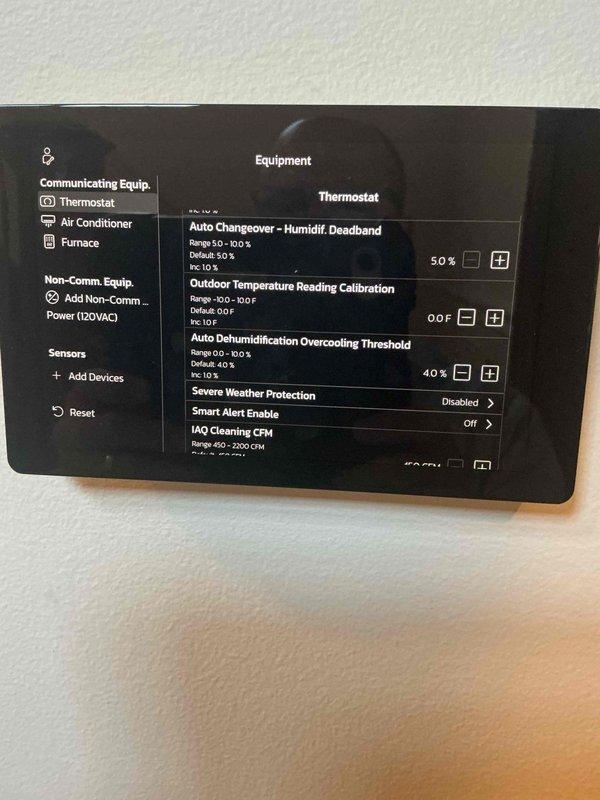 Responded to warranty callback for persistent high humidity readings on digital thermostat. Accessed thermostat settings menu and verified configuration parameters including Auto Dehumidification Overcooling Threshold set at 4.0%, Humidity Deadband at 5.0%, and confirmed communicating equipment connections. Replaced thermostat per previous technician recommendation after software update did not resolve ongoing humidity control issue.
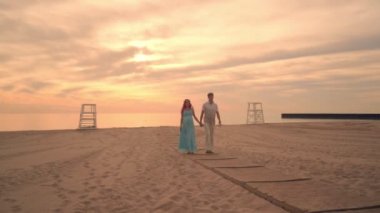 Aşk kaç gün batımında deniz Sahilde yürüyüş. Gün batımında sahilde hamile Çift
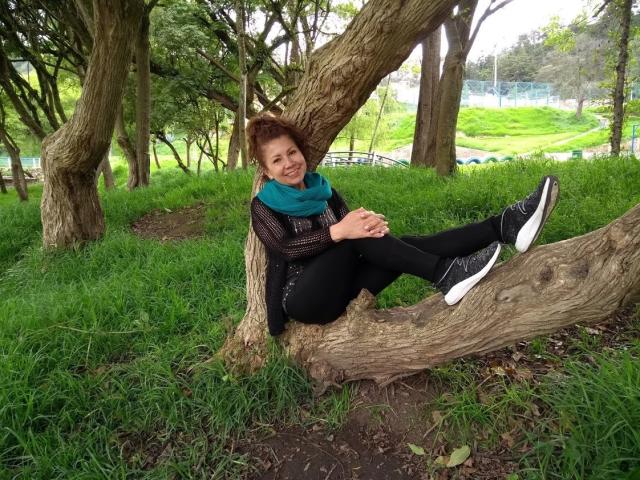 LadyLucky's ass is perched on a thick tree branch, wearing black pants and white sneakers, with a blue scarf, smiling, in a grassy park.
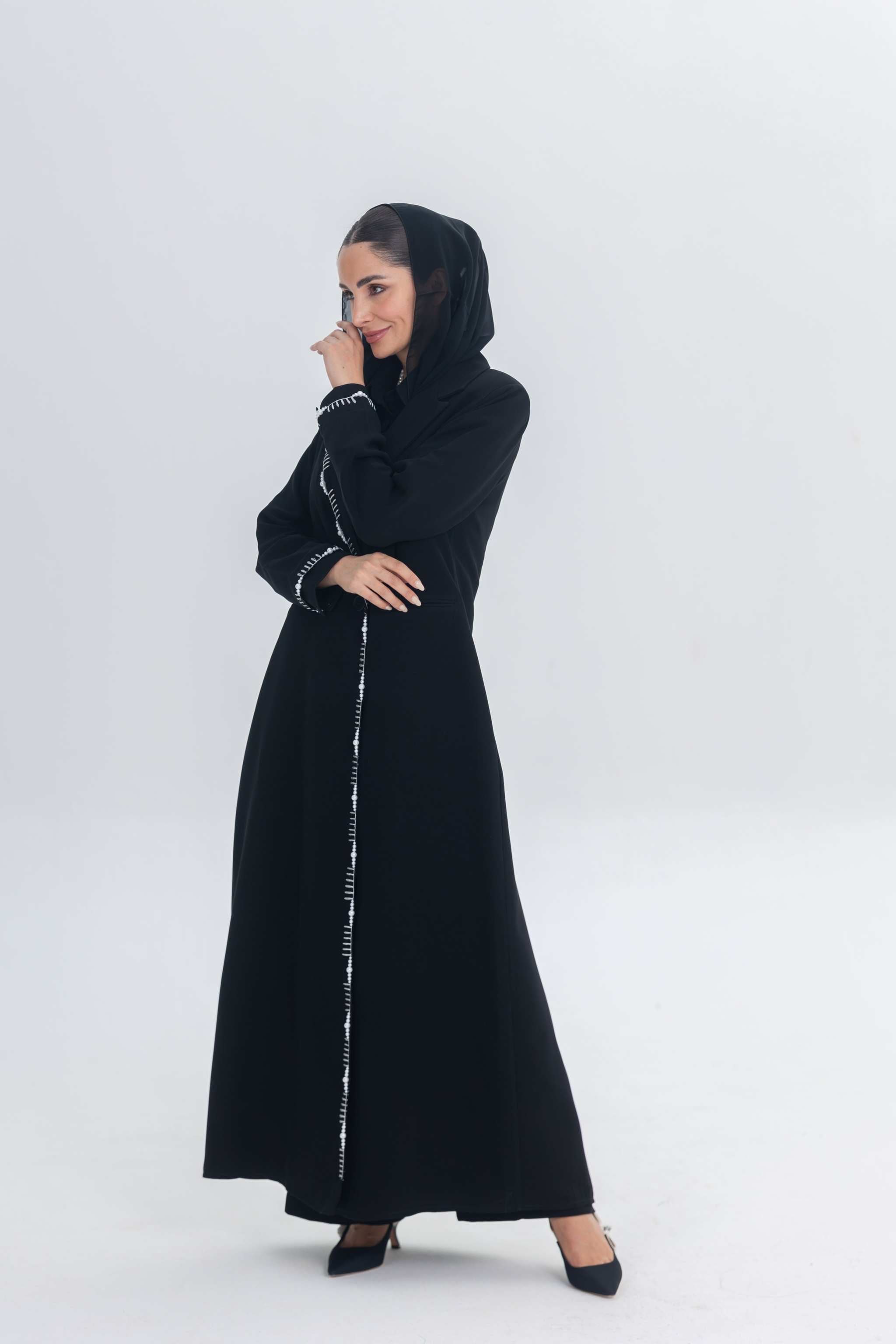 Elegant black crepe blazer abaya with white pearl and bead embroidery, tailored silhouette on woman with hijab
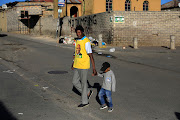 A man and child head to a polling station in Alexandra, Johannesburg. 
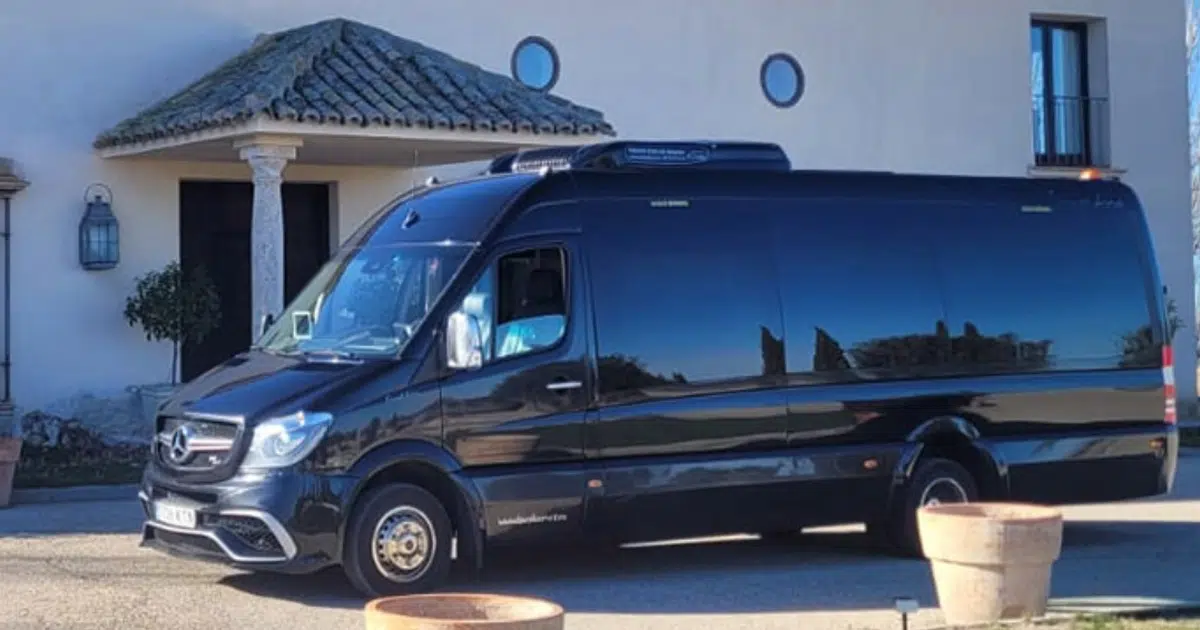 A 19-seater Mercedes Sprinter parked in front of a town house in Madrid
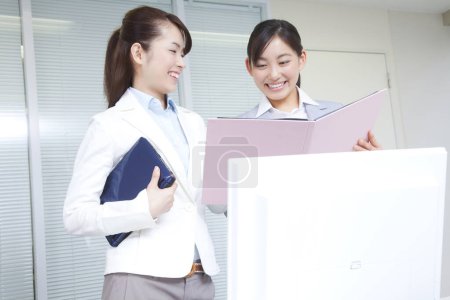 Photo for Portrait of beautiful Japanese businesswomen in office - Royalty Free Image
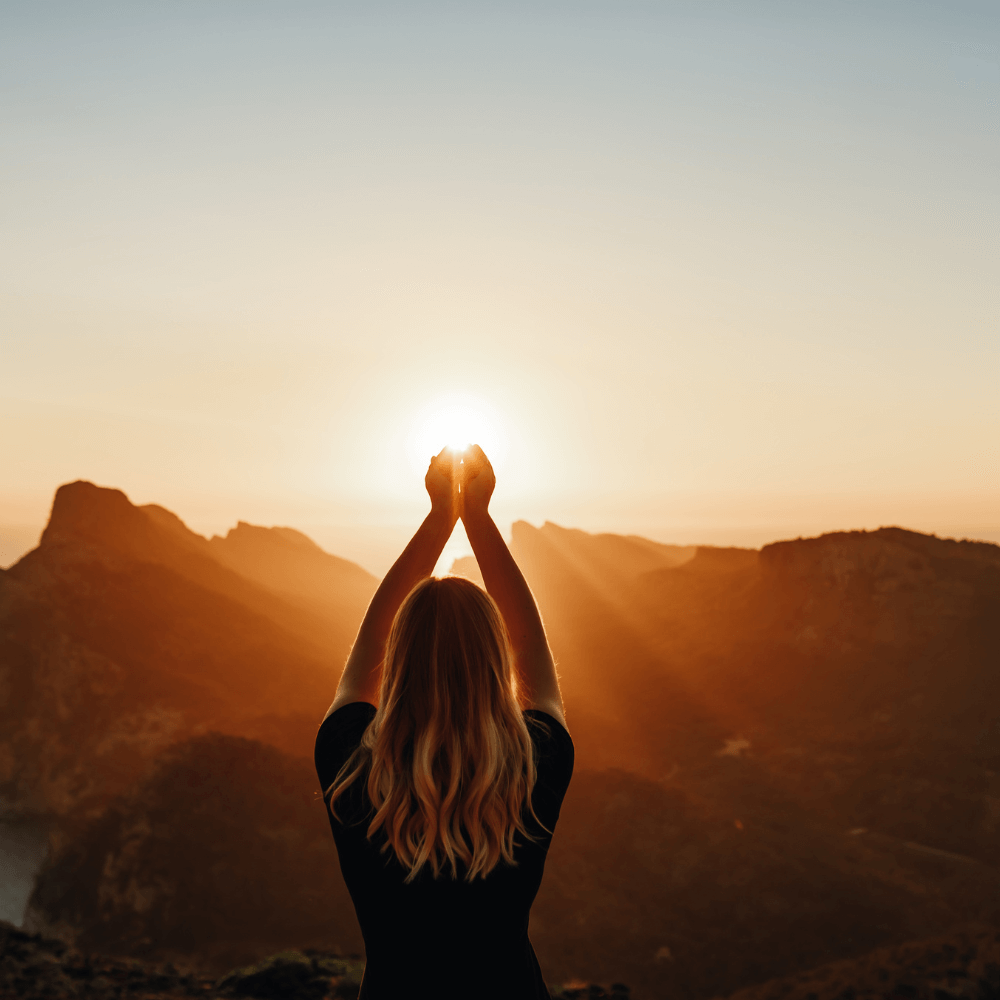 spiritual alignment girl looking at sunset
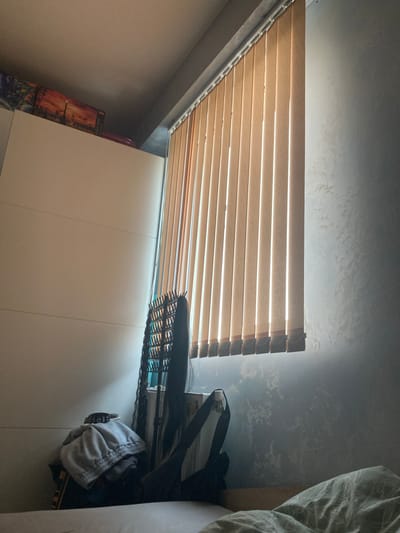 The image depicts an indoor scene, possibly a bedroom, with a window covered by vertical blinds. Sunlight streams through the blinds, casting a pattern of light and shadow on the wall. In the foreground, a pile of clothing is visible, with a wig and a hairbrush on top. A portion of a bed with a patterned duvet is also visible in the lower right corner. The wall to the right has a textured finish with a mottled gray appearance. To the left, a large white cabinet or wardrobe is present, with a jigsaw puzzle box featuring an image of London on its top surface. The scene is likely set in a residential area, and based on the location tag, it is in Karlovo, Bulgaria.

■ ■ ■ ■

Set down exactly, with no additions, each line from the line that includes "A 19-seater Mercedes" to the final line of the entries above; leave pictures out.

 A 19-seater Mercedes Sprinter parked in front of a town house in Madrid
 Photo for Portrait of beautiful Japanese businesswomen in office - Royalty Free Image
 spiritual alignment girl looking at sunset
 The image depicts an indoor scene, possibly a bedroom, with a window covered by vertical blinds. Sunlight streams through the blinds, casting a pattern of light and shadow on the wall. In the foreground, a pile of clothing is visible, with a wig and a hairbrush on top. A portion of a bed with a patterned duvet is also visible in the lower right corner. The wall to the right has a textured finish with a mottled gray appearance. To the left, a large white cabinet or wardrobe is present, with a jigsaw puzzle box featuring an image of London on its top surface. The scene is likely set in a residential area, and based on the location tag, it is in Karlovo, Bulgaria.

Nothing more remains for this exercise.